For most of my time as a graduate student, I had not idea how to write a PhD literature review.
A PhD literature review is a critical analysis of existing research relevant to your topic. It synthesises what has been studied, identifies gaps in the evidence, and positions your research within the broader academic conversation. A well-written literature review demonstrates scholarly authority and justifies why your research question matters.
Key Takeaways:
- A PhD literature review is a critical survey of existing research that positions your study within the broader academic conversation. It is not a summary of everything you have read.
- Structure your review thematically or methodologically, not chronologically. Use the 9-step process: define scope, search systematically, screen, read critically, organise by theme, identify gaps, synthesise, write, and revise.
- The literature review should demonstrate that your research question is both important and unanswered.
In fact, I was scared of the literature review. One day, my supervisor took me to one side and told me that I had no choice: ‘It was going to have to be done before you start fieldwork’.
I was terrified.
Sound familiar? According to Google, 5,000 people a month search for advice on how to write a PhD literature review. And we know from the students who are part of our PhD Writing Community that many struggle with this part of their thesis. If you’re feeling lost, keep reading. In this guide, I’ll walk you through the nine steps involved in conducting and writing a PhD literature review. By the end, if someone ask you ‘how to write a PhD literature review’, you’ll know exactly how to answer.

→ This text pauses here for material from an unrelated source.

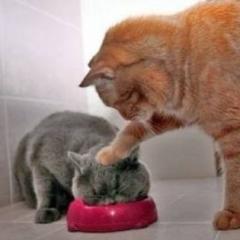 さーのトーク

You’ll realise what I eventually found out: the PhD literature review is easy. Okay, perhaps that’s a bit much. Let me rephrase: Writing a PhD literature review isn’t as hard as you think.
What a PhD literature review isn’t
Let us make one thing very clear. A PhD literature review isn’t just a summary of existing literature. That’s an annotated bibliography and that isn’t what a PhD literature review is about. According to Ridley (2012), this is the mistake most commonly made by doctoral students. Not only will your examiners send this back for corrections, but it may mean the whole PhD thesis is problematic because it isn’t grounded in a critical review of the literature.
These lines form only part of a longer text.